To begin with, there was Carol Wilson’s management style. “Carol was a real non-delegator,” remembers Gane. “She had her hand in everything.” What seemed an imperious approach in human relations to Gane was viewed differently by other band members, in particular Ladly.
I have to say I really liked her. Smart, professional woman. Had the trust of Richard Branson, basically. She could do whatever she wanted. He created a label for her to run. That’s quite a compliment. It’s like, “Here Carol, have a label. Run it.” […] She was tough. She knew what she wanted. She knew how to get it. She was demanding. She absolutely had her own ideas on how we should be presented. She was definitely interested in us being more commercial than we were interested in being. But it was like, “You signed a record contract, you know. What do you expect?” So I sometimes felt that people in the band were whining unnecessarily about stuff that we’d signed up to do. We just had to bloody do it, you know? And make the best of it, and try and keep our heads high, and have as much influence on it as we possibly could without just saying no all the time. Because you can’t go to the Manor recording studio, really spend a lavish amount of money on a record, and then not promote it properly, or not do everything that you get the opportunity to do.
Aside from her personal style, there was the substance of Wilson’s directives, which by the summer of 1980 emphasized commercial success. Producer Mike Howlett described Gane’s reaction to me:
Mark Gane, when we did the second album, he says to me, “If I’d known that ‘Echo Beach’ would become such a big pop hit, I would never have written it. And I shall never write another song like that.” I swear he said that to me.

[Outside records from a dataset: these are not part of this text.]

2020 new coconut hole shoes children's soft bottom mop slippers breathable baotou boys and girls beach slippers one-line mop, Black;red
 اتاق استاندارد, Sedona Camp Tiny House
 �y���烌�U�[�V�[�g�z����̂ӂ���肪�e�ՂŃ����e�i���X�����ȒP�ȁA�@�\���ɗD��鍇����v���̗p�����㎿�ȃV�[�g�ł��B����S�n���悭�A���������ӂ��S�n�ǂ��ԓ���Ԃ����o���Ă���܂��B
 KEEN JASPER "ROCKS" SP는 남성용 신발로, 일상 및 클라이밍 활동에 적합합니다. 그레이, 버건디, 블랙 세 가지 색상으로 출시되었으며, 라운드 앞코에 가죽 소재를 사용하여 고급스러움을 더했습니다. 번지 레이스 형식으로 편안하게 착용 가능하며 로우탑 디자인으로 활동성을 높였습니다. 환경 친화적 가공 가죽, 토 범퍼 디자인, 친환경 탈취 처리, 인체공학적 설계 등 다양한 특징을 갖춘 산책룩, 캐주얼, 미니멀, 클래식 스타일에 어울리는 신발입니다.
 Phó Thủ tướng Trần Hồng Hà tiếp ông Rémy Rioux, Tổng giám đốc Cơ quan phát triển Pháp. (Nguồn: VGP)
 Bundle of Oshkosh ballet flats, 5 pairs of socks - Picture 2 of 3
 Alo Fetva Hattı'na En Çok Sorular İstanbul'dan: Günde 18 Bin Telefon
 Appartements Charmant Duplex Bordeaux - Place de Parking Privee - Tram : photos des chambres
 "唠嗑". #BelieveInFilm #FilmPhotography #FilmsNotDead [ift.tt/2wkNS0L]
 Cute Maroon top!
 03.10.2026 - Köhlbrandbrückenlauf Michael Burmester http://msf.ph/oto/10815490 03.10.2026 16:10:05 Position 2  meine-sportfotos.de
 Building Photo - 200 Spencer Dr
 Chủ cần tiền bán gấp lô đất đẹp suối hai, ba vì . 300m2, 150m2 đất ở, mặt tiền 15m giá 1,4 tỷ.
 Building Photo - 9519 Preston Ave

To outsiders, it may seem comical or even dumbfounding that Gane might regret composing the one song that most new wave fans will forever associate with Martha and the Muffins. But in contrast to, say, Martha Ladly, who had previous background in the UK (e.g., beginning her art school career at the Blackpool and the Fylde College of Art and Design), Gane was unaccustomed to the British pop machine and easily ruffled by the vulgar demands of its music industry and press. In holding the flag for a purist ideal of artistic integrity, it should be noted that he had a comrade in sax player Andy Haas. Haas declined my request for an interview, but an anecdote from Howlett’s dissertation about the 1979 recording of “Echo Beach” is worth recalling.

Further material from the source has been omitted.